*** Begin section ***
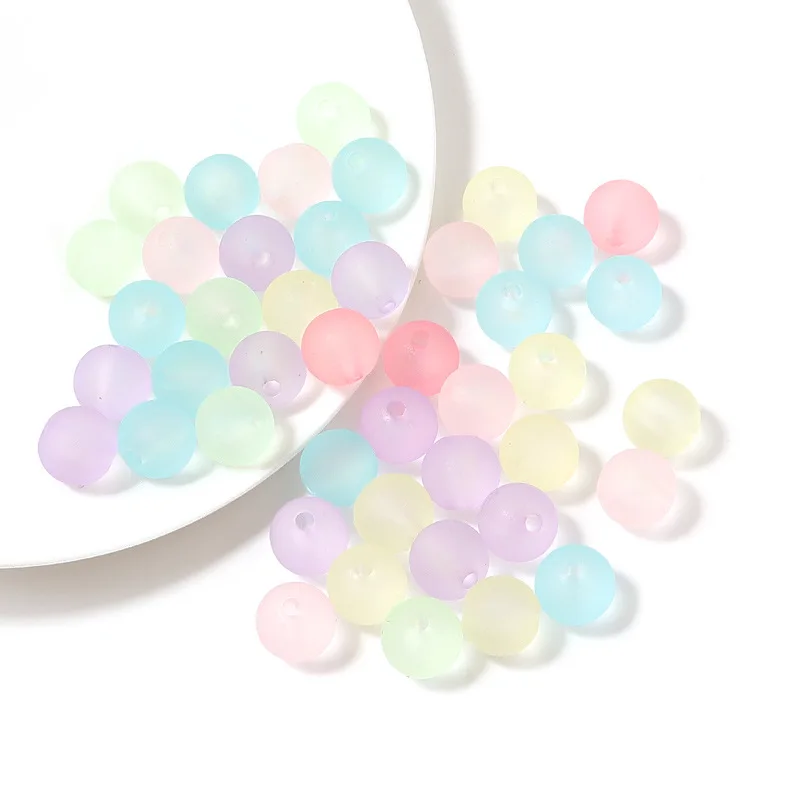 

100pcs Acrylic Round Bead 6/8/10mm Transparent Frosted Loose Beads for Jewelry Making DIY Bracelet Decorative Accessories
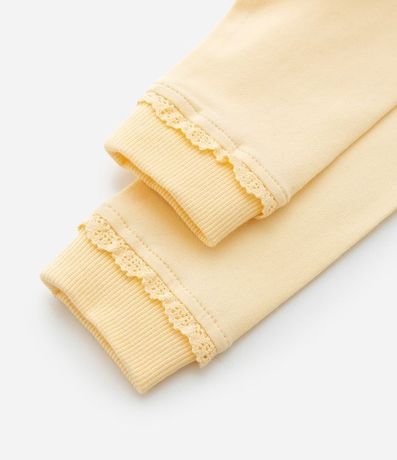 Pantalones Infantiles con Cintura Doblada y Lazo Aplicado - Talle RN a 18 meses 5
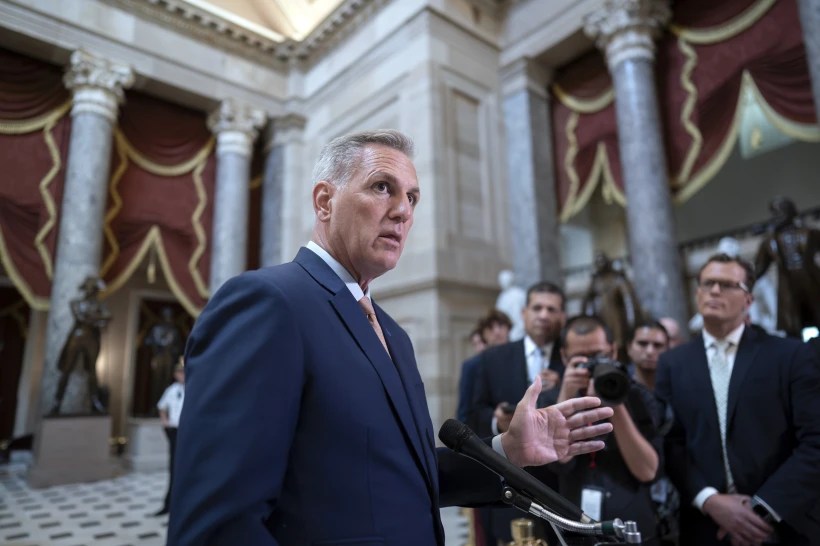 FILE - Speaker of the House Kevin McCarthy, R-Calif., talks to reporters at the Capitol in Washington, Monday, July 17, 2023. McCarthy faces a political standoff when the House resumes this week. He needs to steer the House to fund the government and avoid a government shutdown. But he’s also trying to launch an impeachment inquiry into President Joe Biden over his son Hunter Biden’s business dealings. (AP Photo/J. Scott Applewhite, File)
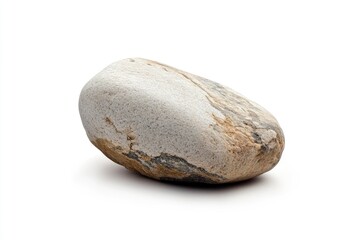 Isolated Smooth River Rock on White Background for Design Element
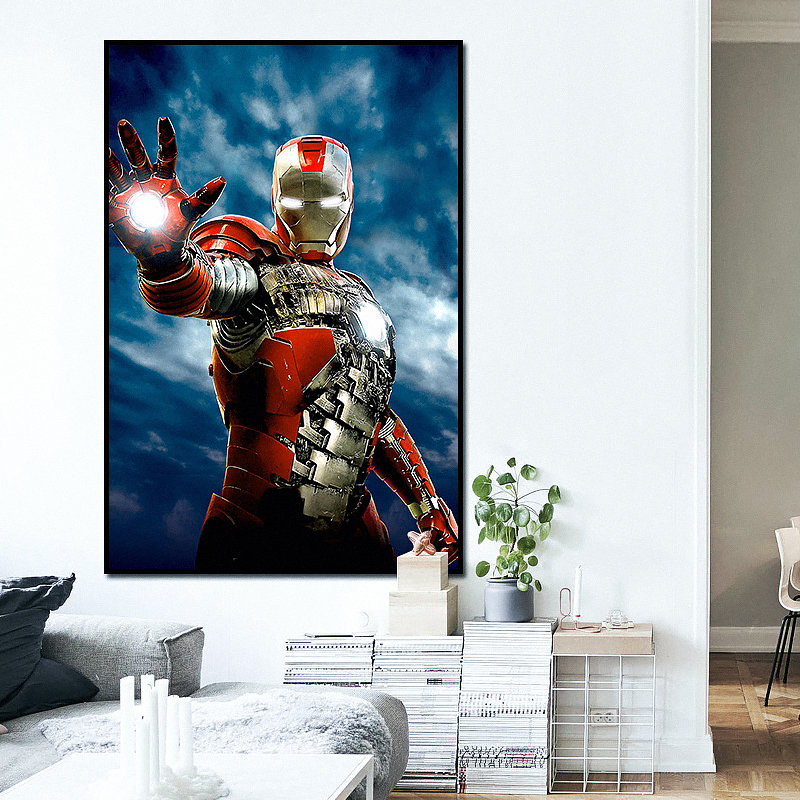 漫威复仇者联盟钢铁侠卡通动漫装饰画画diy油彩画填充数字油画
*** End section ***
> Task description: Write out, exactly, the lines of the material from the very first through the line containing "Pantalones Infantiles con", and leave out every picture.

> Answer area:
100pcs Acrylic Round Bead 6/8/10mm Transparent Frosted Loose Beads for Jewelry Making DIY Bracelet Decorative Accessories
 Pantalones Infantiles con Cintura Doblada y Lazo Aplicado - Talle RN a 18 meses 5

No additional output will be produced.